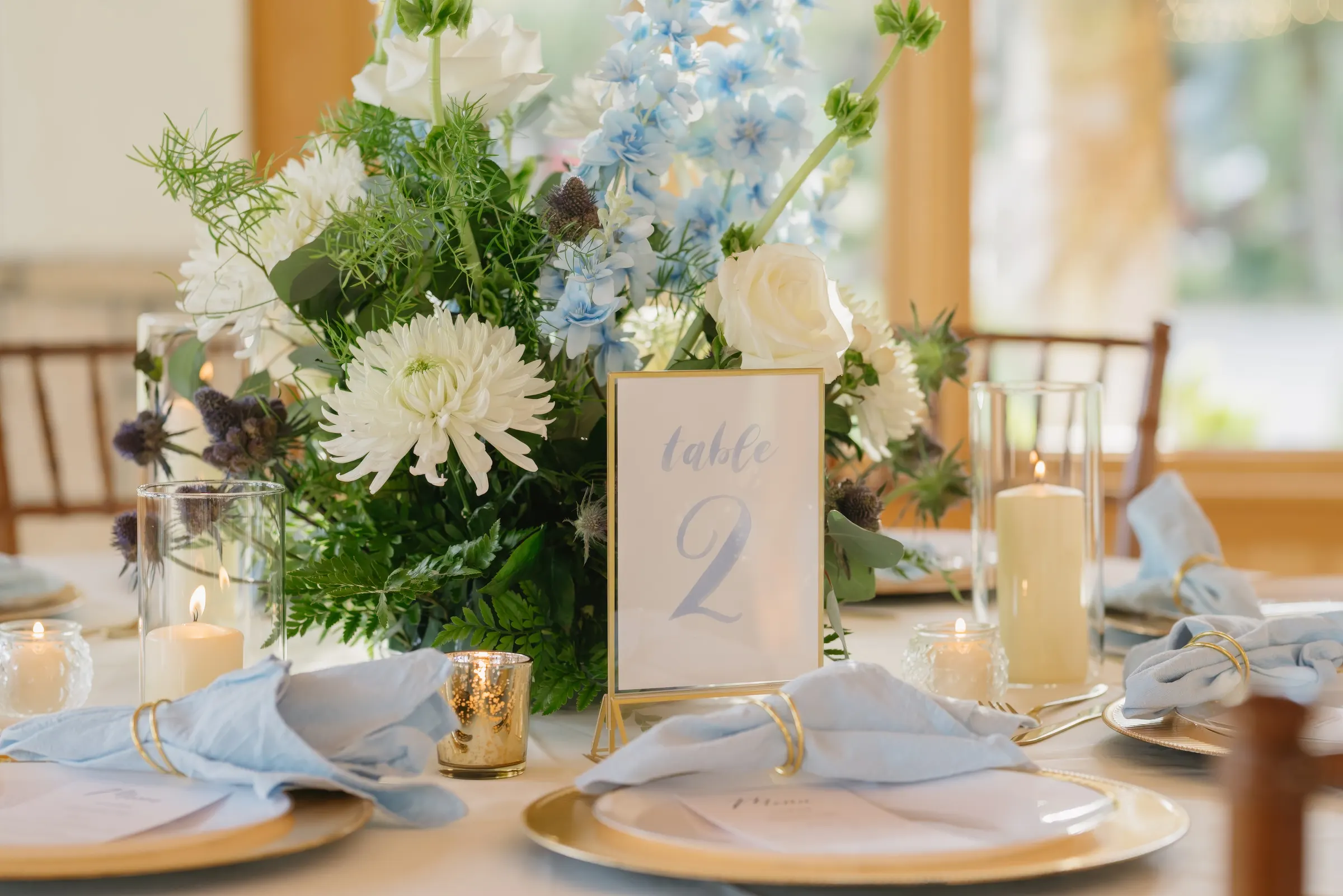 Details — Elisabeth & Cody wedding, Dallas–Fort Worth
--
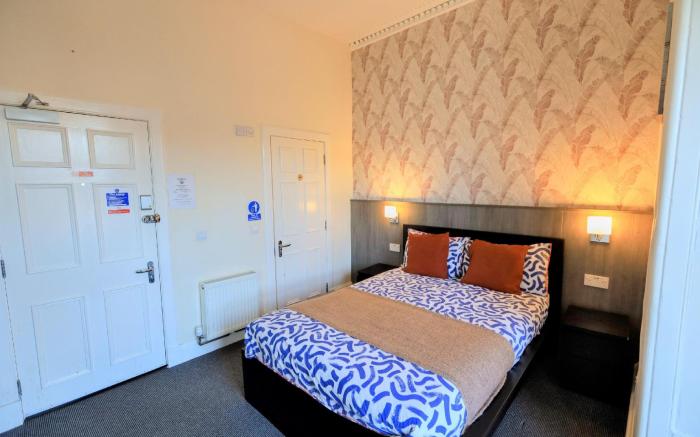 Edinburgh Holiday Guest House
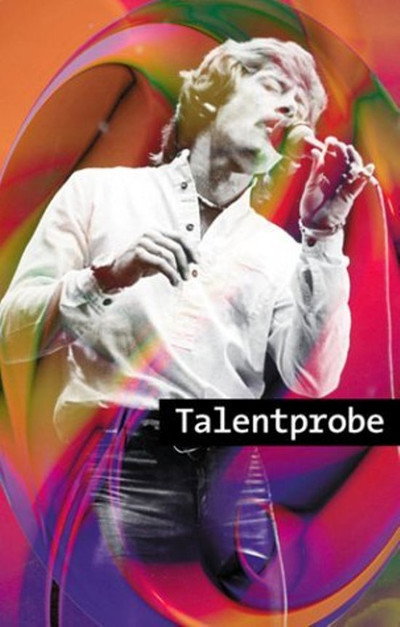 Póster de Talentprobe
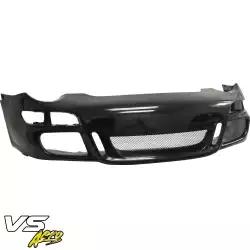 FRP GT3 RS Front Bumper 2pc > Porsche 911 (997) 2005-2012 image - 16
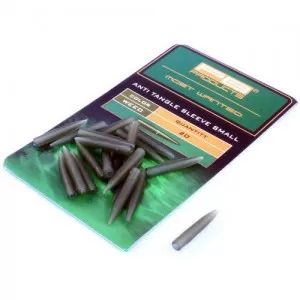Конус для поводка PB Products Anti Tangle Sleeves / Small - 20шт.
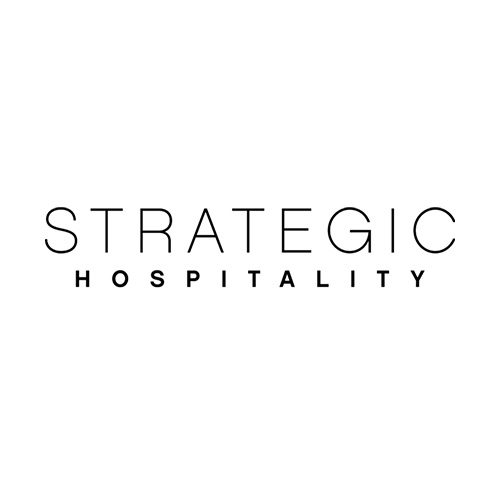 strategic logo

What the task asks:
Excerpt from the records above: set down only the lines from the one that contains "Edinburgh Holiday Guest House" through the one that contains "strategic logo", inclusive, word for word. Pictures stay out.

Response below:
 Edinburgh Holiday Guest House
 Póster de Talentprobe
 FRP GT3 RS Front Bumper 2pc > Porsche 911 (997) 2005-2012 image - 16
Конус для поводка PB Products Anti Tangle Sleeves / Small - 20шт.
 strategic logo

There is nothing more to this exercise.